▶ [Task goal]: Copy all the records exactly, but keep the pictures out of your version.

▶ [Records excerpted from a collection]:
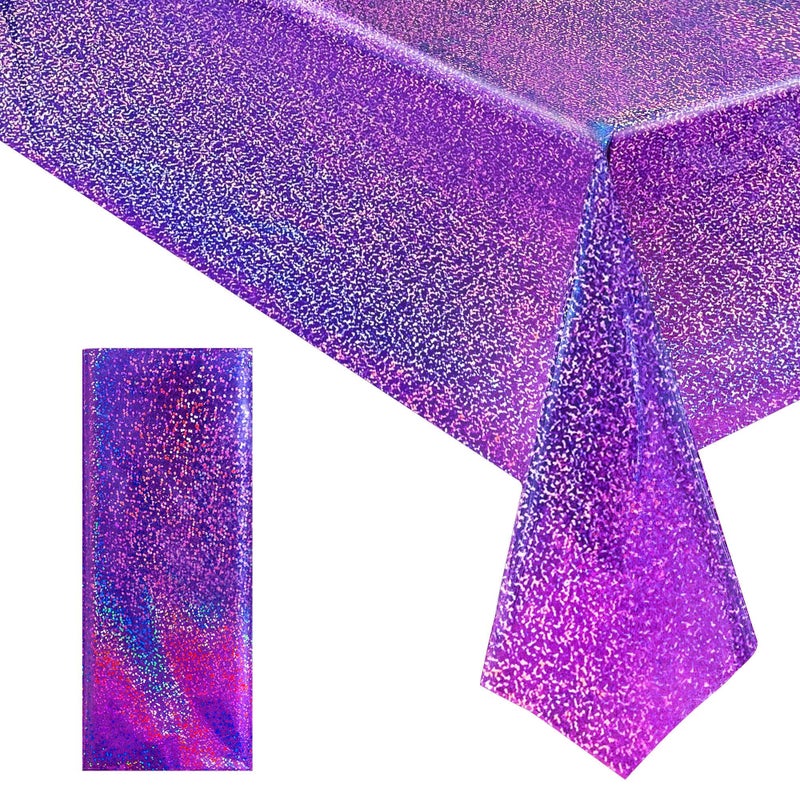 Just Shimmer Sparkling Holographic Laser Tablecloth - Shimmering, Waterproof, Easy to Clean - Ideal for Bachelorette, Birthday, Wedding, and Anniversary Party Decorations (Purple, 1) - Image 1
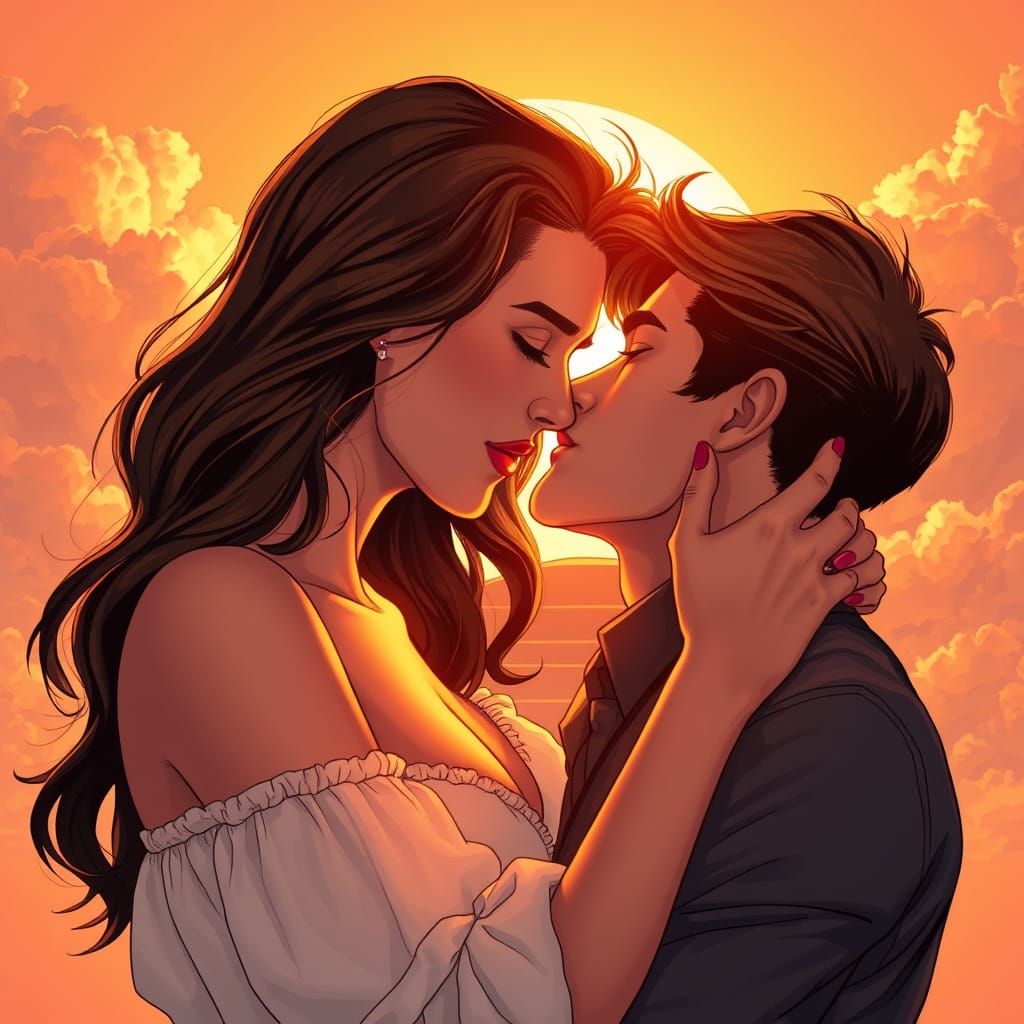 Love's Sunrise Embrace in Vibrant Digital Art
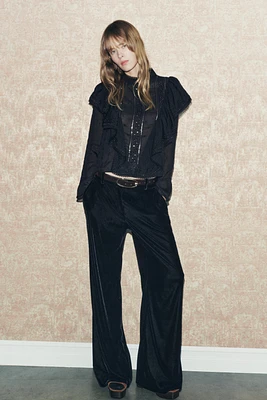 VELVET FLARE PANTS ZW COLLECTION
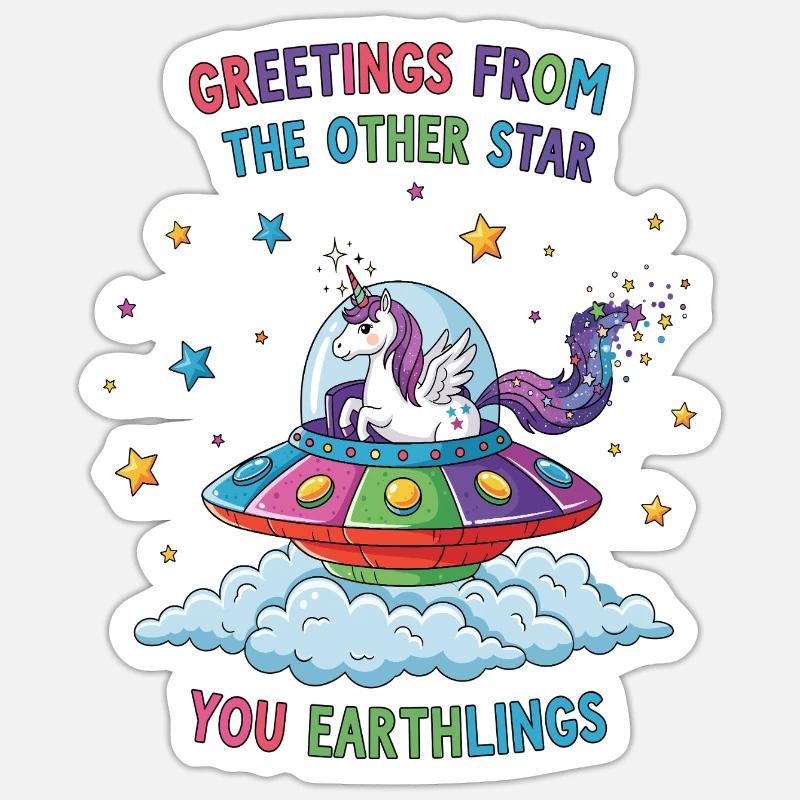 Licorne vue de l’espace Sticker taille S (10 x 10 cm)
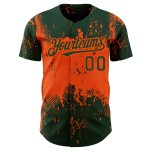 Benutzerdefinierte authentische Orange 3D Grunge Baseball Splatter abstrakte Muster Design Kunst Jersey grün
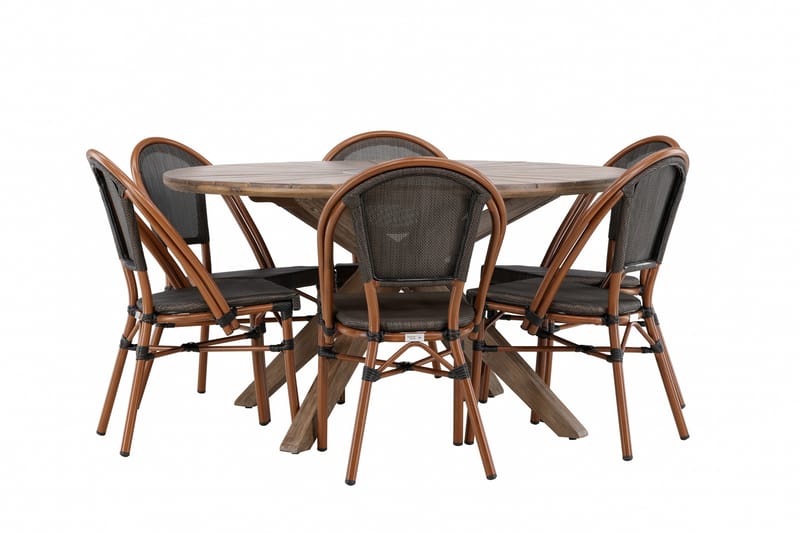 Matgrupp Utomhus Rosario 140 cm Rund med 6 Guarda Utestolar - Brun - Utemöbler & utemiljö - Utegrupp - Matgrupp utomhus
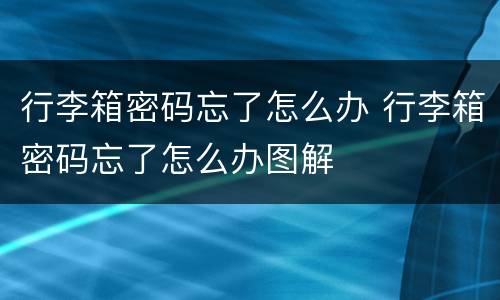 行李箱密码忘了怎么办 行李箱密码忘了怎么办图解
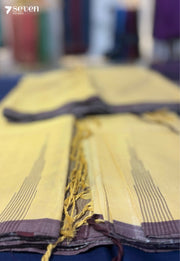 Tisha Signature Seven Handloom Sandal Bangalore Pure Cotton Saree - Seven Sarees - Saree - Seven Sarees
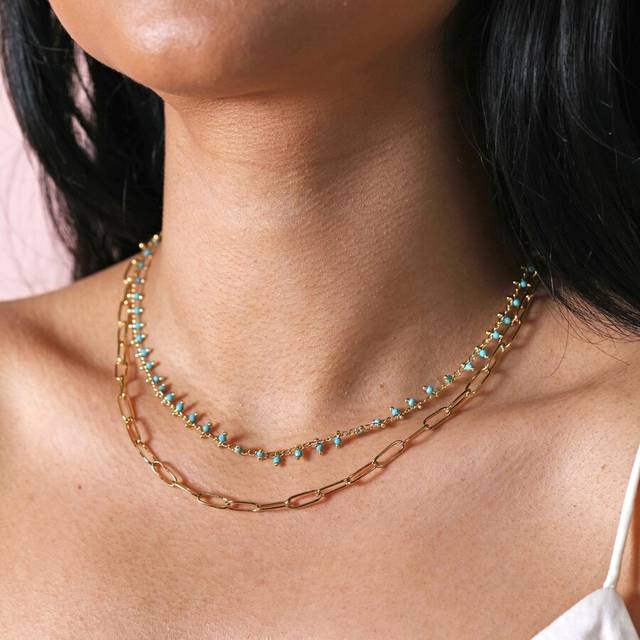 Teal Stone Droplet and Cable Chain Layered Necklace in Gold - gold/blue - one size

▶ [Result]:
 Just Shimmer Sparkling Holographic Laser Tablecloth - Shimmering, Waterproof, Easy to Clean - Ideal for Bachelorette, Birthday, Wedding, and Anniversary Party Decorations (Purple, 1) - Image 1
 Love's Sunrise Embrace in Vibrant Digital Art
 VELVET FLARE PANTS ZW COLLECTION
 Licorne vue de l’espace Sticker taille S (10 x 10 cm)
 Benutzerdefinierte authentische Orange 3D Grunge Baseball Splatter abstrakte Muster Design Kunst Jersey grün
 Matgrupp Utomhus Rosario 140 cm Rund med 6 Guarda Utestolar - Brun - Utemöbler & utemiljö - Utegrupp - Matgrupp utomhus
 行李箱密码忘了怎么办 行李箱密码忘了怎么办图解
 Tisha Signature Seven Handloom Sandal Bangalore Pure Cotton Saree - Seven Sarees - Saree - Seven Sarees
 Teal Stone Droplet and Cable Chain Layered Necklace in Gold - gold/blue - one size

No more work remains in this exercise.